PostgreSQL: querying Bigquery using bigquery_fdw foreign data wrapper

Published on May. 24, 2018 by Gabriel Bordeaux

Introduction

This article is a step by step how-to to query BigQuery from a PostgreSQL instance using the foreign data wrapper bigquery_fdw.

Pre-requisites:

  • PostgreSQL >= 9.5 installed
  • You are using a debian based server

The examples below are based on a Debian 9.4 instance with PostgreSQL 10.4.

Install dependencies

# Install required packages
apt-get update
apt-get install --yes postgresql-server-dev-10 python3-setuptools python3-dev make gcc git

# Install pip3
easy_install3 pip

For PostgresSQL 9.X, install postgresql-server-dev-9.X instead of postgresql-server-dev-10.

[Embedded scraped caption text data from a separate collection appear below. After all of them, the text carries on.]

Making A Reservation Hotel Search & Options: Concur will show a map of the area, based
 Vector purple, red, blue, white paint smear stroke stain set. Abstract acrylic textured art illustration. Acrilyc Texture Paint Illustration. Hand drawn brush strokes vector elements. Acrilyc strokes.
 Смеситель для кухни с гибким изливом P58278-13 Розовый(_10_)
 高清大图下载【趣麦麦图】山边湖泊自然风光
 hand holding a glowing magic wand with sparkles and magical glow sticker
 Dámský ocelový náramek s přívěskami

Install Multicorn and bigquery_fdw

# Install `setuptools` if necessary
pip3 install --upgrade setuptools

# Install Multicorn
git clone git://github.com/Kozea/Multicorn.git && cd Multicorn
export PYTHON_OVERRIDE=python3
make && make install

# Install bigquery_fdw
pip3 install bigquery-fdw

Create a BigQuery service account

  • Go to IAM & admin > Service accounts in the Google cloud console
  • Click on "CREATE SERVICE ACCOUNT"
  • Choose a "Service account name"
  • In "Roles", select "BigQuey > BigQuery User" and "BigQuey > BigQuery Data Viewer"
  • Click "Furnish a new private key" and ensure that JSON is selected
  • Click "CREATE"

The private key should be downloaded.

Store the private key

# Create directory
mkdir -p /opt/bigquery_fdw

# Copy key in directory
cp /current/path/to/key.json /opt/bigquery_fdw/key.json

# Set correct permissions
chown -R postgres.postgres /opt/bigquery_fdw
chmod -R 700 /opt/bigquery_fdw

Test the connectivity

Before creating a foreign table, you can use the bq_client_test tool to test the connectivity to BigQuery from your server with the Json key.

You need to replace my_dataset.my_table with an existing dataset and table name.

bq_client_test --key /opt/bigquery_fdw/key.json \
               --query "SELECT count(*) FROM my_dataset.my_table"

 * BigQuery client instance:
<google.cloud.bigquery.client.Client object at 0x7fa8f30dd278>
 * Query instance:
<google.cloud.bigquery.job.QueryJob object at 0x7fa8f30dd128>
 * Query results:
Row((155756,), {'f0_': 0})

Create the extension and server in PostgreSQL

Login to PostgreSQL:

su postgres
psql

Create the extension and the server:

CREATE EXTENSION multicorn;

CREATE SERVER bigquery_srv FOREIGN DATA WRAPPER multicorn
OPTIONS (
    wrapper 'bigquery_fdw.fdw.ConstantForeignDataWrapper'
);

Create a table matching a foreign table

Create a table that matches BigQuery datatypes with PostgreSQL equivalent types (see conversion table).

CREATE FOREIGN TABLE my_bigquery_table (
    column1 text,
    column2 bigint
) SERVER bigquery_srv
OPTIONS (
    fdw_dataset  'my_dataset',
    fdw_table 'my_table',
    fdw_key '/opt/bigquery_fdw/user.json'
);

You can now run queries from PostgreSQL to your BigQuery table:

postgres=# SELECT count(*) FROM my_bigquery_table;
 count  
--------
 155756
(1 row)

postgres=# SELECT count(*) FROM my_bigquery_table WHERE some_column = 'some_value';
 count 
-------
 22560
(1 row)

Try it yourself

Try it yourself with this how-to and the documentation available at https://github.com/gabfl/bigquery_fdw.